Phuc’s forced retirement may have been a high-level political power play by Trong’s faction to eliminate political rivals. The timing of the leadership shakeup before the festive period (lunar new year, or “Tet” holidays) is unusual but recent scandals in which two deputy prime ministers under Phuc were brought down may have provided an opportunity. There had also been talk that Phuc’s family members were implicated in corruption scandals. These circumstances probably helped Trong’s supporters garner consensus in the Politburo to remove Phuc, who may have then agreed to step down in return for avoiding prosecution for him and his family.
Removing Phuc would help Trong’s faction consolidate power in the Politburo. The top four officeholders (general-secretary, prime minister, president and chairperson of the national assembly) will be selected from the next iteration of the 18-member body, of which two spots now need to be filled, vacated by Phuc and Standing Deputy Prime Minister Pham Binh Minh, who was removed for corruption about three weeks before Phuc.

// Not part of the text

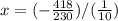 x = (-\frac{418}{230})/( \frac{1}{10})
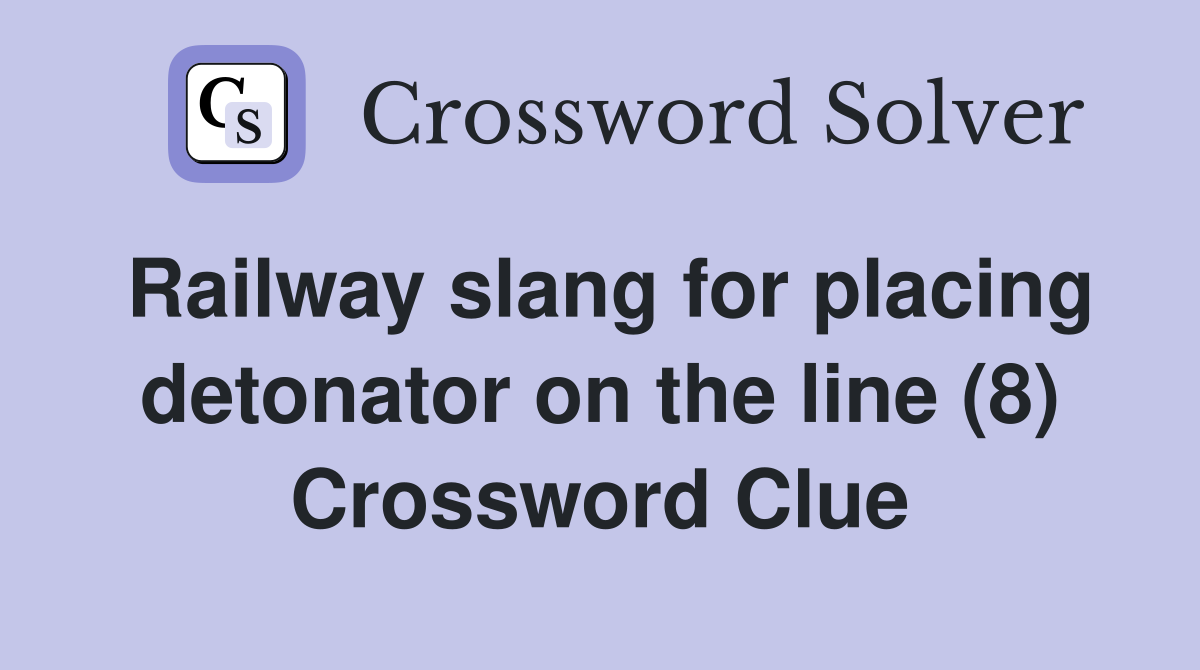 Railway slang for placing detonator on the line (8) Crossword Clue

Trong is widely expected to step down at the 2026 party congress after an unprecedented third term, but the identity of his successor is up in the air. Phuc is probably still seen as a threat although he had failed to garner enough support at the 2021 congress to succeed Trong as general-secretary.
What does it mean for business?
Vietnam’s economic policy is unlikely to fundamentally change under party chief Trong’s leadership. The office of the president has less direct influence over party decision-making and economic policy, and it would not have a major impact on policymaking even if Phuc’s replacements hail from security rather than technocratic backgrounds (Public Security Minister To Lam is reportedly one of the leading candidates to replace Phuc, followed by Defense Minister Phan Van Giang).
Business should consider what Phuc’s removal says about future of Vietnam’s anti-corruption campaign and how it can impact them. The removal of top politicians like Phuc is an indicator that the party leadership clearly distrusts leaders who are more directly involved in business, and weeding out corruption remains an existential threat to the party’s legitimacy. This has several implications laid out below. First, a more politically cautious climate will ensue as politicians draw lessons from these developments and business dealings and government approvals like licenses and permissions proceed more slowly. Second, businesses need to be prepared to steer clear of and/or increase risk mitigation plans given a potential wave of politicized anti-corruption investigations in the coming weeks and months after the lunar new year holidays. Third, businesses also need to be watchful of a possible longer-term trend of the party becoming more focused on internal control, manifested in areas like purging political rivals and internal censorship, which creates operational, regulatory, and possibly also reputation risks for businesses. Two of the four top positions may be staffed by leaders with security backgrounds – Pham Minh Chinh, the current prime minister, and To Lam, if he replaces Phuc. Both Pham and To were former public security officials.